#### [WORK INSTRUCTION]
Please restate every entry exactly. Leave out the pictures.

#### [RECORDS FOR THE EXERCISE]
== Segment start ==

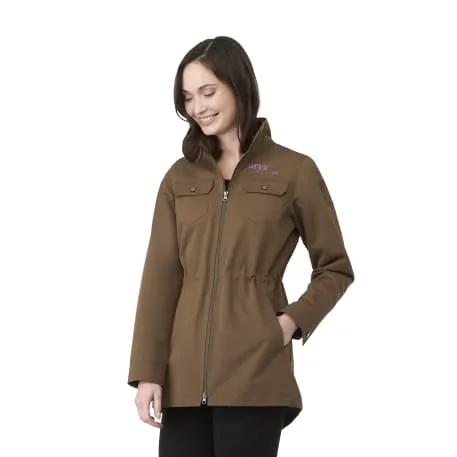 Women's HARDY Eco Jacket 12 of 20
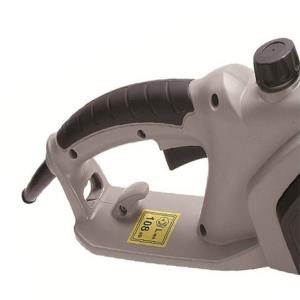 اره زنجیری برقی کرون مدل CT15164 CT15164 Crown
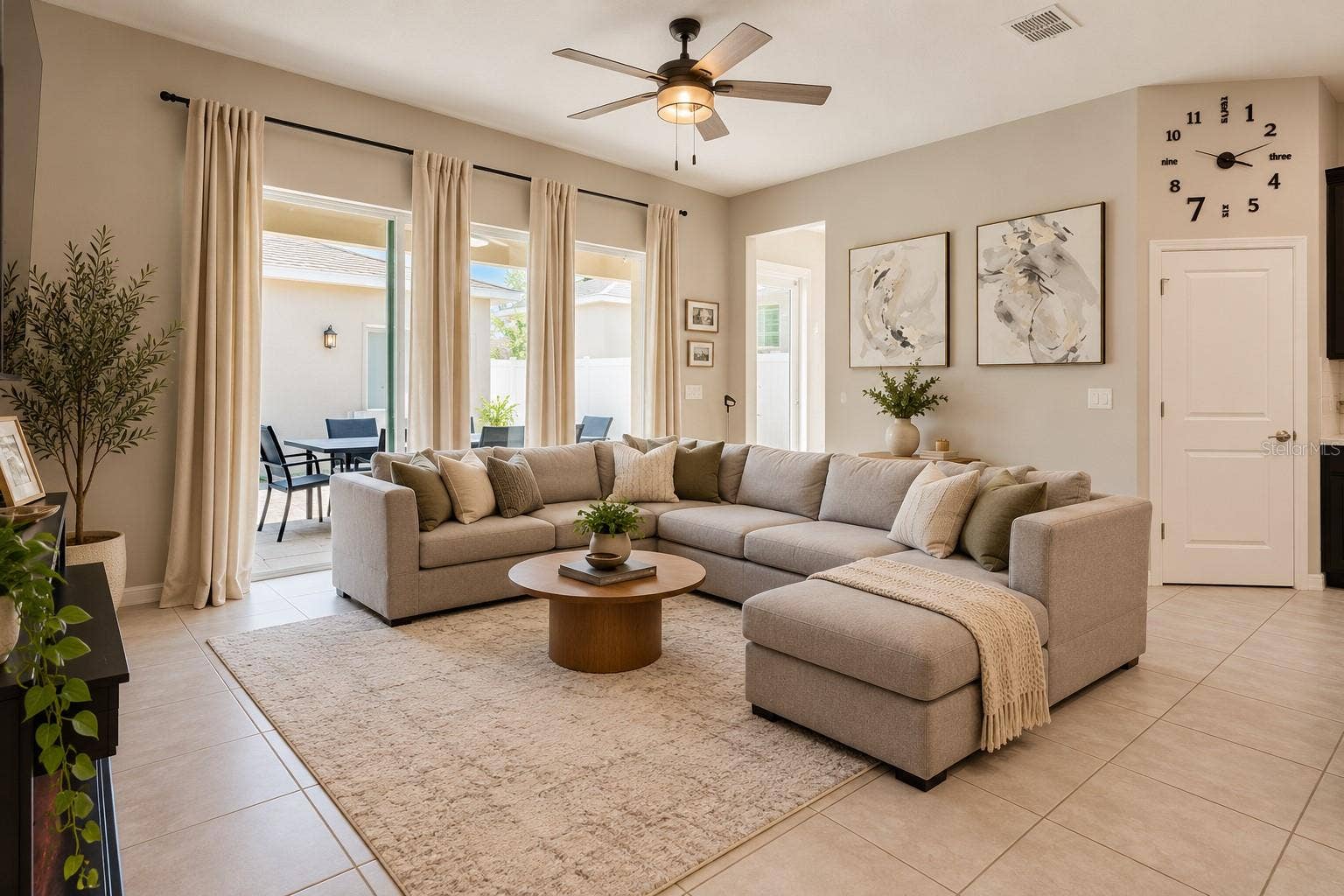 16012 MICELLI DRIVE, Winter Garden, FL 34787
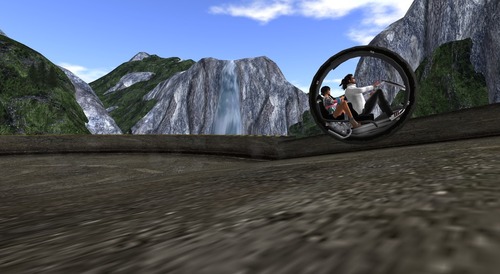 Web 53b04d1e128cc93c59000001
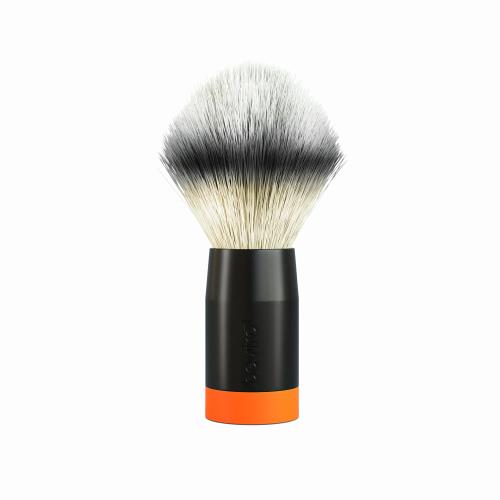 beviro Štetka na holenie Save the Badger (Brush)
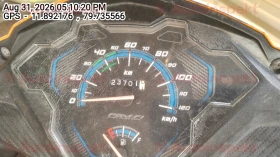odometer_reading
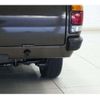 nissan sunny-truck 1988 -NISSAN--Sunny Truck B122--B122-027888---NISSAN--Sunny Truck B122--B122-027888- image 11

== Segment end ==

#### [WORKED SOLUTION]
 Women's HARDY Eco Jacket 12 of 20
 اره زنجیری برقی کرون مدل CT15164 CT15164 Crown
 16012 MICELLI DRIVE, Winter Garden, FL 34787
 Web 53b04d1e128cc93c59000001
 beviro Štetka na holenie Save the Badger (Brush)
odometer_reading
 nissan sunny-truck 1988 -NISSAN--Sunny Truck B122--B122-027888---NISSAN--Sunny Truck B122--B122-027888- image 11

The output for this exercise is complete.